[Stored dataset items]
--------
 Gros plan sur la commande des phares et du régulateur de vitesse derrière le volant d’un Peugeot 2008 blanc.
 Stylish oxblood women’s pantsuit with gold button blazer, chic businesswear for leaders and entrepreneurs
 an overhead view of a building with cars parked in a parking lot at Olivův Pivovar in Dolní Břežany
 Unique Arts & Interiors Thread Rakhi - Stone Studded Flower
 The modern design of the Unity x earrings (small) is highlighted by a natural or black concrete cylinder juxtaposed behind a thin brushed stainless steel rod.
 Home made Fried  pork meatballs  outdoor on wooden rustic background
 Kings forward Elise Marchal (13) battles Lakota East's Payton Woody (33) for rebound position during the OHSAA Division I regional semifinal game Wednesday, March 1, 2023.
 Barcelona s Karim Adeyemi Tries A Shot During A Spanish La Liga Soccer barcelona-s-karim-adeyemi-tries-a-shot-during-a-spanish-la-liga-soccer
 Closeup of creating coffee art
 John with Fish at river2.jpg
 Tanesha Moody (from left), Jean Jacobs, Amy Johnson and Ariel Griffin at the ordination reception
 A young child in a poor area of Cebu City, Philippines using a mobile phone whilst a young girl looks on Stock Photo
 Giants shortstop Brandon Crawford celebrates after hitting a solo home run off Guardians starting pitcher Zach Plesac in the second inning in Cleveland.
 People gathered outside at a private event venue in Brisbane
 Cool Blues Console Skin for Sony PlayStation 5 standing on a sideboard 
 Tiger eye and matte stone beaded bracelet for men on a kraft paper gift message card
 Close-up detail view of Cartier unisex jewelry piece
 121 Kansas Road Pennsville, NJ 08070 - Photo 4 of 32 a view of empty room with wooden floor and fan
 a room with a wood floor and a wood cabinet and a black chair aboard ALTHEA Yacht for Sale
--------
Work required:
In the entries above, find the line with "John with Fish at river2.jpg", then retype it and every line after it exactly.

Solution below:
 John with Fish at river2.jpg
 Tanesha Moody (from left), Jean Jacobs, Amy Johnson and Ariel Griffin at the ordination reception
 A young child in a poor area of Cebu City, Philippines using a mobile phone whilst a young girl looks on Stock Photo
 Giants shortstop Brandon Crawford celebrates after hitting a solo home run off Guardians starting pitcher Zach Plesac in the second inning in Cleveland.
 People gathered outside at a private event venue in Brisbane
 Cool Blues Console Skin for Sony PlayStation 5 standing on a sideboard 
 Tiger eye and matte stone beaded bracelet for men on a kraft paper gift message card
 Close-up detail view of Cartier unisex jewelry piece
 121 Kansas Road Pennsville, NJ 08070 - Photo 4 of 32 a view of empty room with wooden floor and fan
 a room with a wood floor and a wood cabinet and a black chair aboard ALTHEA Yacht for Sale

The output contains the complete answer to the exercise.